Вновь найденный римский орнамент поразил современников необычайной, причудливой и вольной игрой растительными, животными и человеческими формами, которые переходят друг в друга, как бы порождают друг друга. Нет тех резких и инертных границ, которые разделяют эти «царства природы» в обычной картине мира: здесь, в гротеске, они смело нарушаются. Нет здесь и привычной статики в изображении действительности: движение перестает быть движением готовых форм – растительных и животных – в готовом же и устойчивом мире, а превращается во внутреннее движение самого бытия, выражающееся в переходе одних форм в другие, в вечной неготовости бытия. В этой орнаментальной игре ощущается исключительная свобода и легкость художественной фантазии, причем свобода эта ощущается как веселая, как почти смеющаяся вольность. Этот веселый тон нового орнамента верно поняли и передали Рафаэль и его ученики в своих подражаниях гротеску при росписи ими ватиканских лоджий [9].
Такова основная особенность того римского орнамента, к которому впервые был применен для него специально родившийся термин «гротеск». Это было просто новое слово для обозначения нового, как тогда казалось, явления. И первоначальное значение его было очень узким – вновь найденная разновидность римского орнамента. Но дело в том, что разновидность-то эта была маленьким кусочком (обломком) огромного мира гротескной образности, который существовал на всех этапах античности и продолжал существовать в средние века и в эпоху Ренессанса. И в кусочке этом были отражены характерные черты этого огромного мира. Этим обеспечивалась дальнейшая продуктивная жизнь нового термина – его постепенное распространение на весь почти необозримый мир гротескной образности.

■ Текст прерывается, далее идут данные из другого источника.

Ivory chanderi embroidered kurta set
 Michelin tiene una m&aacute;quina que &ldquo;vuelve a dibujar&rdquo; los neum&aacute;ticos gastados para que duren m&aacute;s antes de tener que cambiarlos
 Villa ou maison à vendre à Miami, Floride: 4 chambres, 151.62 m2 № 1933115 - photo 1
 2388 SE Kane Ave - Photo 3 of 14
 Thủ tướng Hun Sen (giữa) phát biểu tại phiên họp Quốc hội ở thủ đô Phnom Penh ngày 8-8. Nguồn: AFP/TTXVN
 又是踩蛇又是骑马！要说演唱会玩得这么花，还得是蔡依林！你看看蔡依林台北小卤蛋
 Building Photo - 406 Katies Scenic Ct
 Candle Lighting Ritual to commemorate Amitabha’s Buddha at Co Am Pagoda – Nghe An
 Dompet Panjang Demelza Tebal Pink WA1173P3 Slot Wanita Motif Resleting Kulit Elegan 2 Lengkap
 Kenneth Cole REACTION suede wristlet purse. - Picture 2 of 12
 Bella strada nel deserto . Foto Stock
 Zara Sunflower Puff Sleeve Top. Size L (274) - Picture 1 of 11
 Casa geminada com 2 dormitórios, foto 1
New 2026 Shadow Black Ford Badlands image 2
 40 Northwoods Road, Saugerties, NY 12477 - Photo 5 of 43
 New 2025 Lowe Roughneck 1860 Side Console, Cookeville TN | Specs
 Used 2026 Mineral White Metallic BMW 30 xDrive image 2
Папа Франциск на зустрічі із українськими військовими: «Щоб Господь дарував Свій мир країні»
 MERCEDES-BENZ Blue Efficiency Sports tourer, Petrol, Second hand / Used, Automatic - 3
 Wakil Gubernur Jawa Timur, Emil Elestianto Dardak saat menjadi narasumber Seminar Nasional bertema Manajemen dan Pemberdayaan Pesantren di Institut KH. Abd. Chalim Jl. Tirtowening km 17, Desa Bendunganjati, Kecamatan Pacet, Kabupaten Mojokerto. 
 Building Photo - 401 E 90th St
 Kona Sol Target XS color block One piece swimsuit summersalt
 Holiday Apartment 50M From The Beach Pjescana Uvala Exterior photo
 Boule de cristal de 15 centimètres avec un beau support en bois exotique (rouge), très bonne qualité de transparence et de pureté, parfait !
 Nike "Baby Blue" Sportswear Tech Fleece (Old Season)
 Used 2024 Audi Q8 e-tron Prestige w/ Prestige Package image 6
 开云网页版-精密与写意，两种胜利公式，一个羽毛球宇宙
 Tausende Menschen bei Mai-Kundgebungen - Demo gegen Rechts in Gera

Но расширение объема термина проходит очень медленно и без четкого теоретического осознания своеобразия и единства гротескного мира. Первая попытка теоретического анализа, точнее – просто описания, и оценки гротеска принадлежит Вазари, который, опираясь на суждения Витрувия (римского архитектора и искусствоведа эпохи Августа), отрицательно оценивает гротеск. Витрувий – Вазари его сочувственно цитирует – осуждал новую «варварскую» моду «разрисовывать стены чудовищами вместо ясных отображений предметного мира», то есть осуждал гротескный стиль с классических позиций как грубое нарушение «естественных» форм и пропорций. На этой же позиции стоит и Вазари. И эта позиция, в сущности, осталась господствующей на протяжении длительного времени. Более глубокое и расширенное понимание гротеска появится только во второй половине XVIII века.
В эпоху господства классицистского канона во всех областях искусства и литературы в XVII и XVIII веках гротеск, связанный с народной смеховой культурой, оказался вне большой литературы эпохи: он спустился в низкую комику или подвергся натуралистическому разложению (о чем мы уже говорили выше).
В эту эпоху (собственно, со второй половины XVII века) совершается процесс постепенного сужения, измельчания и обеднения обрядово-зрелищных карнавальных форм народной культуры. Происходит, с одной стороны, огосударствление праздничной жизни, и она становится парадной, с другой – бытовизация ее, то есть она уходит в частный, домашний, семейный быт. Былые привилегии праздничной площади все более и более ограничиваются. Особое карнавальное мироощущение с его всенародностью, вольностью, утопичностью, устремленностью в будущее начинает превращаться просто в праздничное настроение. Праздник почти перестал быть второю жизнью народа, его временным возрождением и обновлением. Мы подчеркнули слово «почти», потому что народно-праздничное карнавальное начало, в сущности, неистребимо. Суженное и ослабленное, оно все же продолжает оплодотворять собою различные области жизни и культуры.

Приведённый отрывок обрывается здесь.